Mountain West Drone Services 12 min read

On a steep slope above the Yampa River in the second week of September, a fire has just been called controlled. The ground is still hot in patches, the ash layer is ankle-deep, and the nearest road ends two miles from the top of the burn. A week from now, a forecast band of 1.5 to 2 inches of rain is going to roll through. If that rain hits bare, hydrophobic post-fire soil, you will watch a decade’s worth of sediment wash into the river in 36 hours, and the landscape you are trying to save will be carving gullies for the next ten years.

This is the central problem of post-wildfire reclamation in the West: the window between fire out and first significant rain is measured in weeks, sometimes days, and the ground you need to seed is exactly the ground no tractor and no ATV can safely reach. For most of the last century, the only tool that could close that window at any scale was a helicopter. For jobs smaller than about 2,000 acres, the helicopter’s mobilization cost has historically made the math marginal.

Drone aerial seeding is rewriting that math. Here is how it works in the field, what it does and doesn’t solve, and where it fits into Colorado’s expanding post-fire restoration playbook.

Why Post-Fire Timing Is Everything

A healthy soil holds water through a web of organic matter, root structure, and microbial glue.

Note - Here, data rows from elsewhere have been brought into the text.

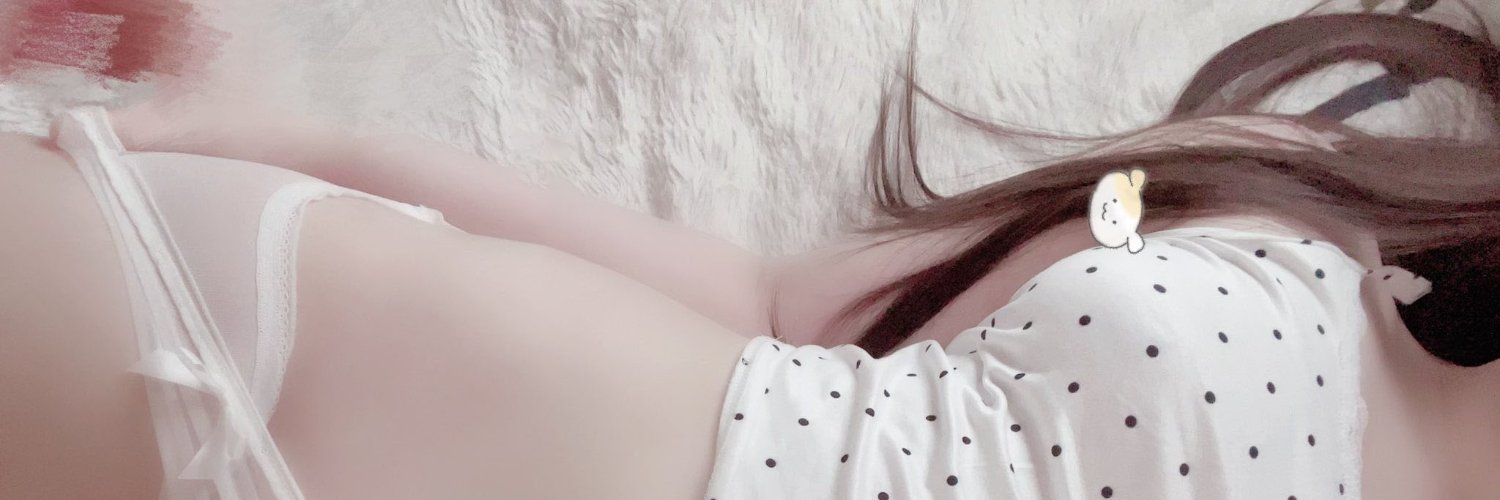 다인 banner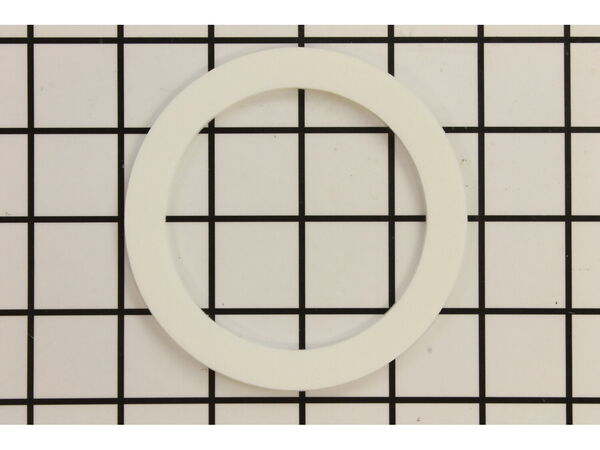 10158808-1-M-Graco-120132-Gasket
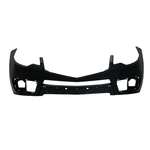 AC1000168 New Replacement Front Bumper Cover Fits 2010-2012 Acura Rdx Capa. Fixed Price $499.00.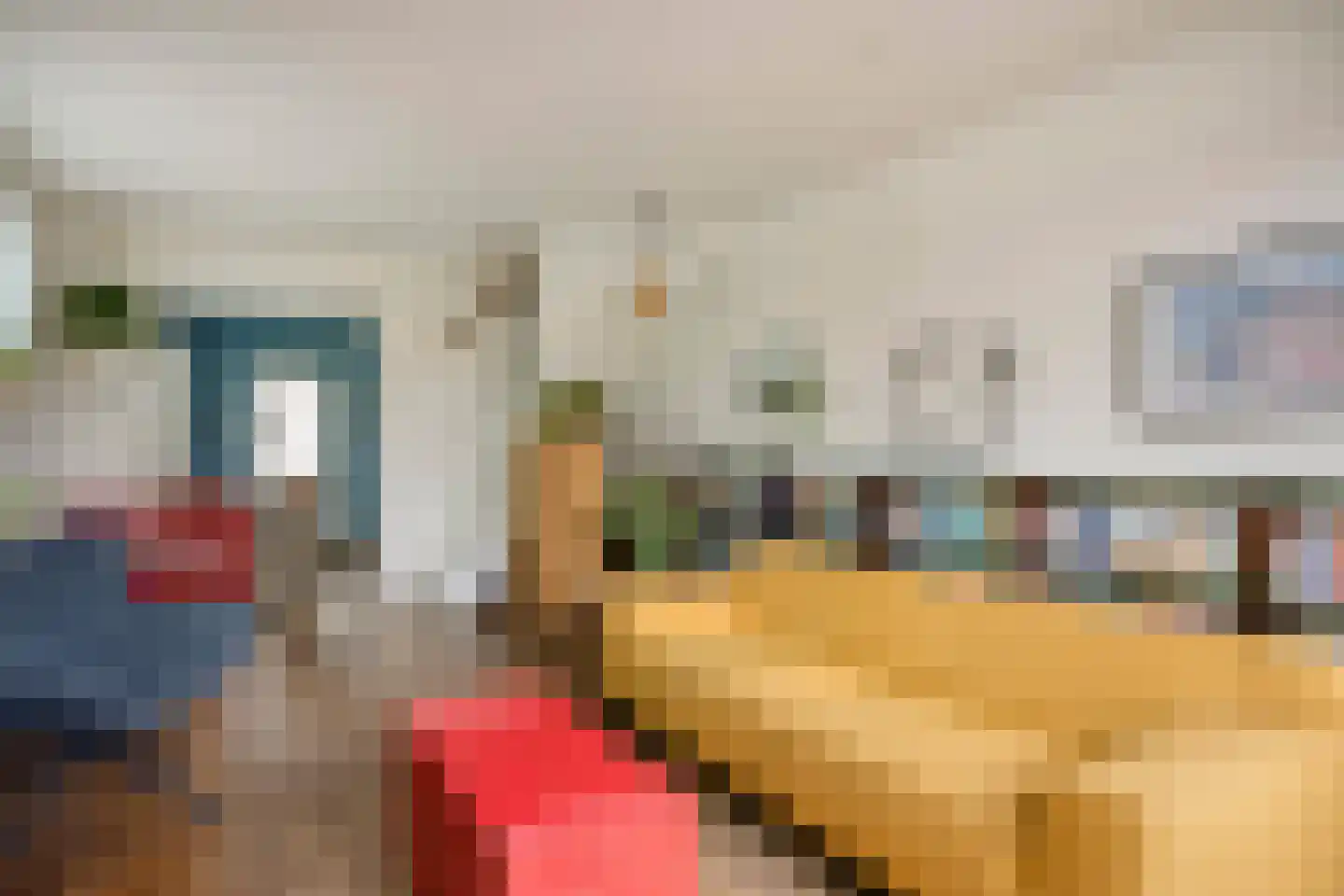 Willemstraat 34 Velp thumbnail 11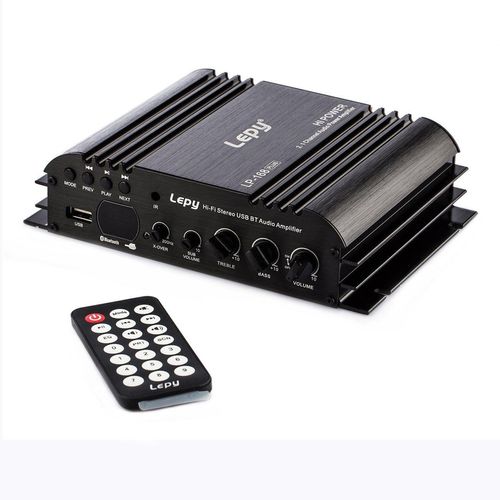 comparatif amplificateur hi fi nobsound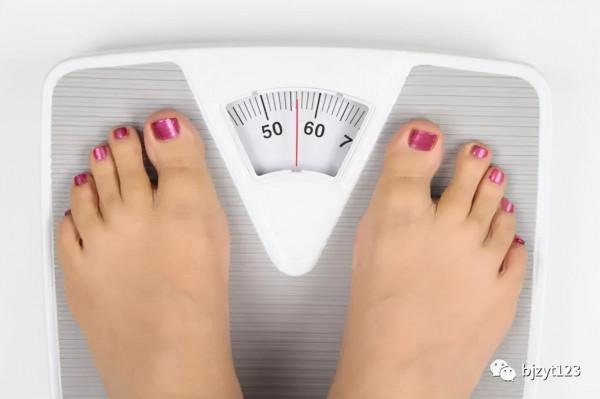 人體消化系統出現異常，這些症狀不可忽視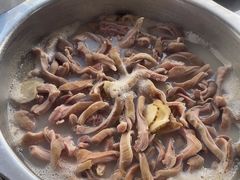 -光头药膳鸡(莱茵小镇店)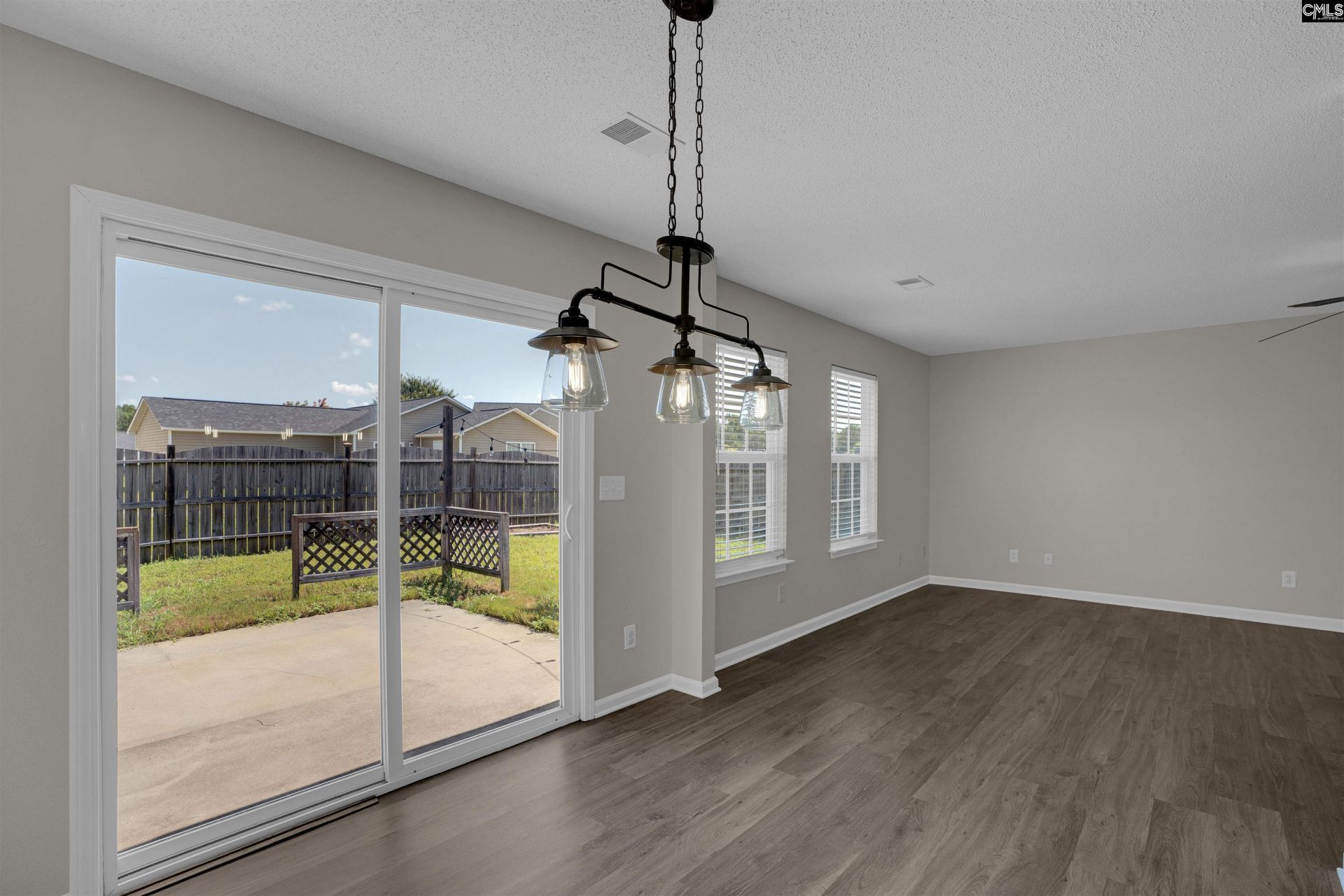 45 Bluebead Court Photo 6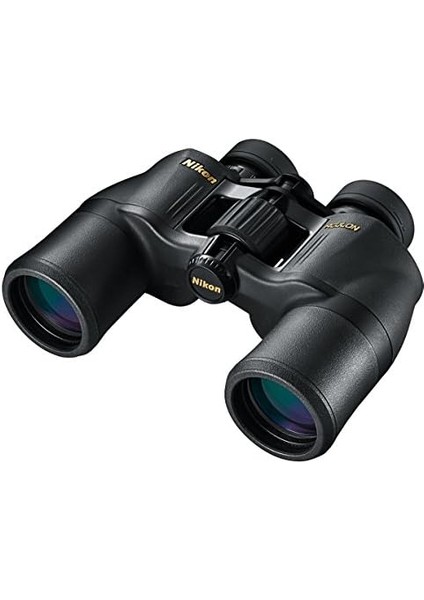 Dürbün Aculon A211 8X42 modelleri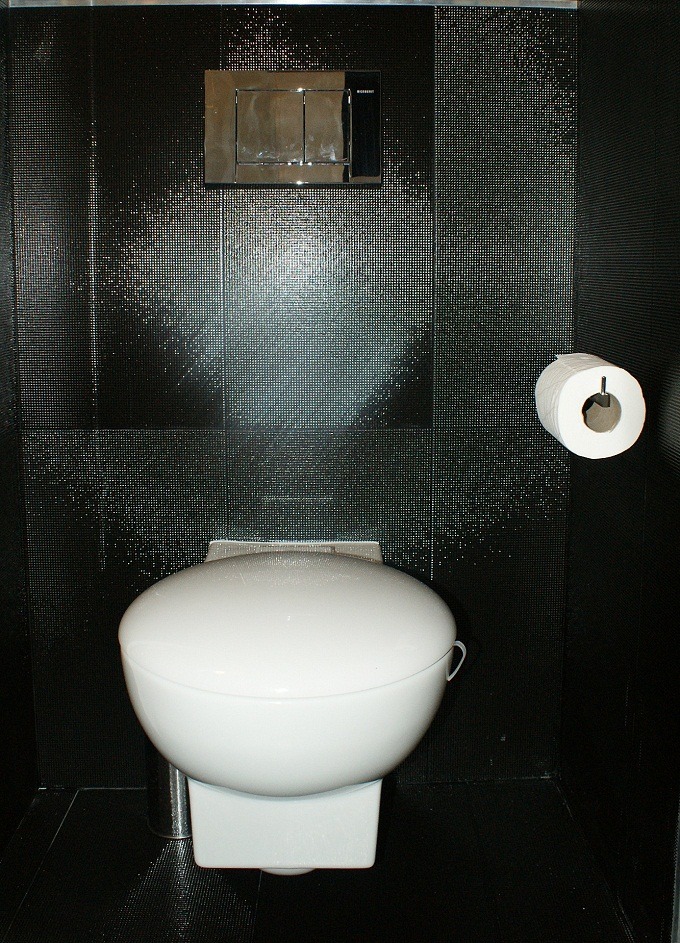 ������� 2-����� | Imot.bg � ����������� 10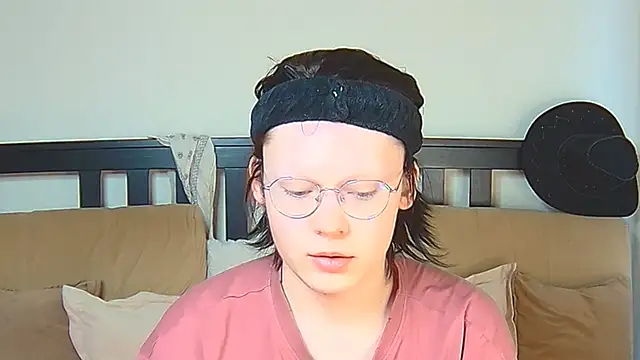 Derek Carter online show from March 26, 2026, 11:52 am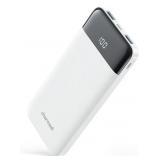 CHARMAST POWER BANK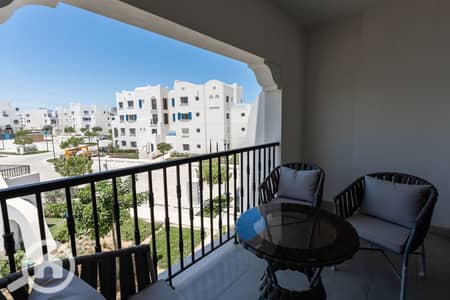 1 Bedroom Room for Rent in North Coast, Matruh - DSC08851-44.1775133708158. jpg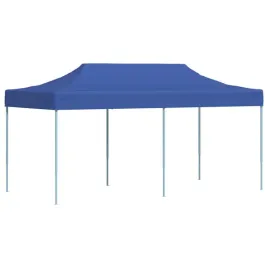vidaxl-rozkladany-namiot-pawilon-3-x-6-m-niebieski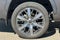 2024 Toyota Sequoia Capstone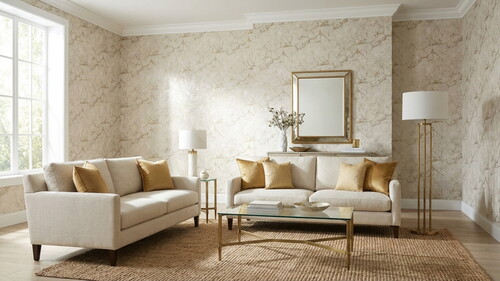 Hana Duvar Kağıdı 120-4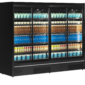 tefcold-9042-9150ddb3f54f9fc6d444fcc5b1ab46bc-1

A severely burned soil — especially one that has been through a high-intensity crown fire — loses most of that structure in the fire and develops a hydrophobic layer an inch or two below the surface. Water sheets off instead of infiltrating. Without vegetative cover to break raindrops and hold the soil surface, every significant storm becomes an erosion event.

Research summarized by Colorado State Forest Service post-fire guidance and mirrored in federal Burned Area Emergency Response (BAER) assessments consistently lands on the same prescription: establish ground cover before the first erosion-generating storm. In Northwest Colorado, that usually means getting seed on the ground within two to six weeks of a fall fire, before winter precipitation ramps up. On a spring fire, the window is shorter — sometimes as tight as the two weeks before the first monsoon cell.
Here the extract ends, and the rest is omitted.